How to complete this task: Pictures in the data must not be copied, but everything else should be output exactly.

▼

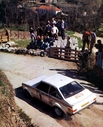 Nombre del archivo=1977_999_009_Ari_Vatanen_1977_999_Ari_Vatanen_-_Peter_Bryant2C_Ford_Escort_RS18002C_accident1_28929.jpg
Tamaño del archivo=535KiB
Dimensiones=810x1000
Fecha añadida=29 Enero 2015 1977_999_009_Ari_Vatanen_1977_999_Ari_Vatanen_-_Peter_Bryant2C_Ford_Escort_RS18002C_accident1_28929.jpg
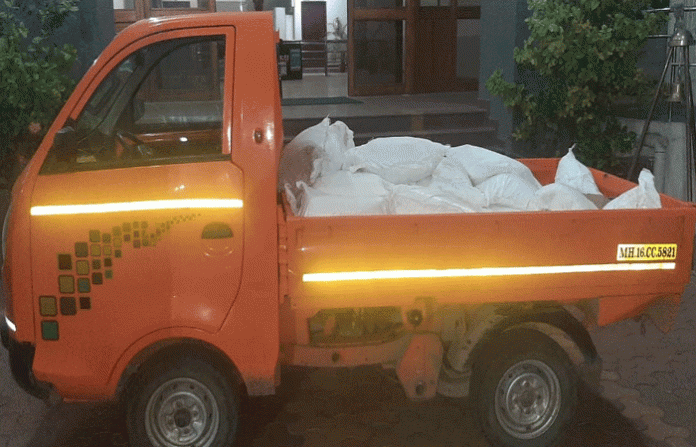 parbhani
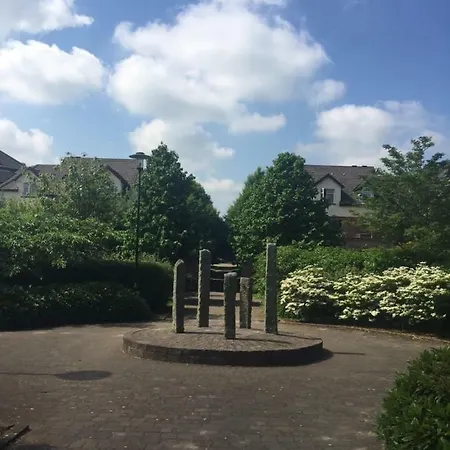 Alandale Orchard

▲

Finished task:
 Nombre del archivo=1977_999_009_Ari_Vatanen_1977_999_Ari_Vatanen_-_Peter_Bryant2C_Ford_Escort_RS18002C_accident1_28929.jpg
Tamaño del archivo=535KiB
Dimensiones=810x1000
Fecha añadida=29 Enero 2015 1977_999_009_Ari_Vatanen_1977_999_Ari_Vatanen_-_Peter_Bryant2C_Ford_Escort_RS18002C_accident1_28929.jpg
 parbhani
 Alandale Orchard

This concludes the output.